§ **PROBLEM STATEMENT**: Search the material below for the word "Ladies". Copy every line where it is found.

§ **PROVIDED DATA**:
+--

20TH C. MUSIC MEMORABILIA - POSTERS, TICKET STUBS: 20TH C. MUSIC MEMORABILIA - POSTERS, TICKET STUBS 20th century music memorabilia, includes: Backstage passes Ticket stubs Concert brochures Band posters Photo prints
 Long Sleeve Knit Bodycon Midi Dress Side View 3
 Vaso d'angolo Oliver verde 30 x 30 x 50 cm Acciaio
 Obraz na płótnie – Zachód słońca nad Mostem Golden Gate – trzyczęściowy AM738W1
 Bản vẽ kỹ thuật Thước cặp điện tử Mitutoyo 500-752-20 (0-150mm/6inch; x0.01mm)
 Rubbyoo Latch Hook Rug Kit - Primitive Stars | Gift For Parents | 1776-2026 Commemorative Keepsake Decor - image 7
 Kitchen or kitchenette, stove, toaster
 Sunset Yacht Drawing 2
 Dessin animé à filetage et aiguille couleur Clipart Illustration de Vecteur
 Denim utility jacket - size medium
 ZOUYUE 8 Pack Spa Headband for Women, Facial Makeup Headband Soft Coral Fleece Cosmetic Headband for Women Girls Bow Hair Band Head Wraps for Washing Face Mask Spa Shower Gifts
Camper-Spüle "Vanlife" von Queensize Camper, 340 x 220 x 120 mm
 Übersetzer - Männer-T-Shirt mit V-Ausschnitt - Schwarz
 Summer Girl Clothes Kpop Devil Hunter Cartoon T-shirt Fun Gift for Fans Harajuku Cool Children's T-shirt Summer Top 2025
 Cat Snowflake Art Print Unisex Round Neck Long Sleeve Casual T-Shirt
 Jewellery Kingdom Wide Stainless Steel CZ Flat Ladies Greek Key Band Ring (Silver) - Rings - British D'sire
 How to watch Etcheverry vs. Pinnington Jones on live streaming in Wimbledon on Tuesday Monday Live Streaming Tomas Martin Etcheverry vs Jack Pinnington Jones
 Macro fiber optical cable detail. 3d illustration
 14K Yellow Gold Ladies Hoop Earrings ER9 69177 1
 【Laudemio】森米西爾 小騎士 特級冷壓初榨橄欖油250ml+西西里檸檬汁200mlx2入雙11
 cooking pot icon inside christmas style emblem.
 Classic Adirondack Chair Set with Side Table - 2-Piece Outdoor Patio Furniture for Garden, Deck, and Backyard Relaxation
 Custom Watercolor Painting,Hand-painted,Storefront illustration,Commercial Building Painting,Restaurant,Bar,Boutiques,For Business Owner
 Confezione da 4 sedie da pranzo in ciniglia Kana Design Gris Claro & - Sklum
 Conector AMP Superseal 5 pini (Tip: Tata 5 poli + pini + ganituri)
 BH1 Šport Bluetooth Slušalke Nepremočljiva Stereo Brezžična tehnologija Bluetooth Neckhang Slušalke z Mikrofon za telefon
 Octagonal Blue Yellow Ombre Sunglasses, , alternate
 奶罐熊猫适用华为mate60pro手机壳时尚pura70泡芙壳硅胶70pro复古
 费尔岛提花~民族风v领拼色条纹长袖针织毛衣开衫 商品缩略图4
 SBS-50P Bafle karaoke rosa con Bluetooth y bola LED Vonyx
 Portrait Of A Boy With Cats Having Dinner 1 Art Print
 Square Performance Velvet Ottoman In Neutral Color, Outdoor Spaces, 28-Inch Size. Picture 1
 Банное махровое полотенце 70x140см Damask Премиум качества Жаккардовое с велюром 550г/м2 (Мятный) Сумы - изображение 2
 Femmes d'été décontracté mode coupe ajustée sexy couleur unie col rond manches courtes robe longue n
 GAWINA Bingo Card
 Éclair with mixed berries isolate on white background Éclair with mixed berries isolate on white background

+--

§ **RESPONSE AREA**:
 Jewellery Kingdom Wide Stainless Steel CZ Flat Ladies Greek Key Band Ring (Silver) - Rings - British D'sire
 14K Yellow Gold Ladies Hoop Earrings ER9 69177 1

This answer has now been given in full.